Sotheby's. Junkunc: Arts of Ancient China II, New York, 10 Sep 2019
A very rare archaic bronze 'figural' plaque, 2nd century BC
Lot 216. A very rare archaic bronze 'figural' plaque, 2nd century BC. Length 5 5/8 in., 14.2 cm. Estimate 10,000 — 15,000 USD. Courtesy Sotheby's.
of rectangular form, well cast in openwork with two long-haired men locked in combat, each with bare chests and wearing loose trousers, flanked by two harnessed horses in profile and large trees all below a bird hovering above,.

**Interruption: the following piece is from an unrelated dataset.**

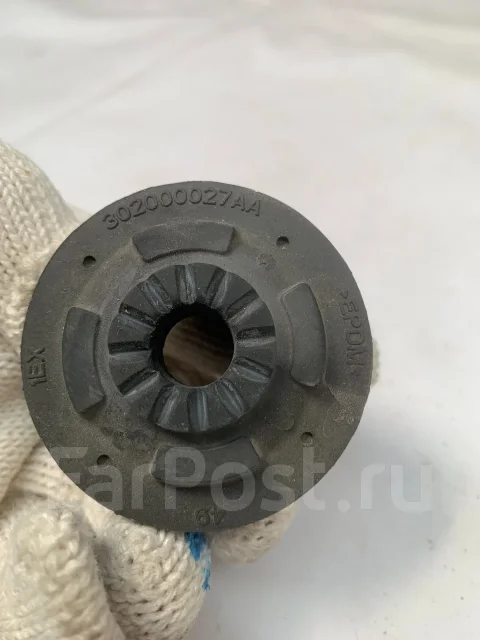 ������� ��������� Xcite X-Cross 7 302000027AA 302000027AA ����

Note: Only a small group of plaques of this design appear to be published, including one from the Xiwenguo Zhai Collection, exhibited in Traders and Raiders on China's Northern Frontier, Arthur M. Sackler Gallery, Washington, D.C., 1995, cat. no. 1, where it is noted that there are two matching plaques depicting the same scene excavated from a Western Han tomb at Kexingzhuang near Xi'an, Shaanxi province; one in the Victoria and Albert Museum, acc. no. M. 160-1951; and another, formerly in the C.T. Loo Collection, illustrated in Alfred Salmony, Sino-Siberian Art The Collection of C.T. Loo, Paris, 1933, pl. XXI, fig. 2, shown together with an other plaque of the same design, but not in openwork.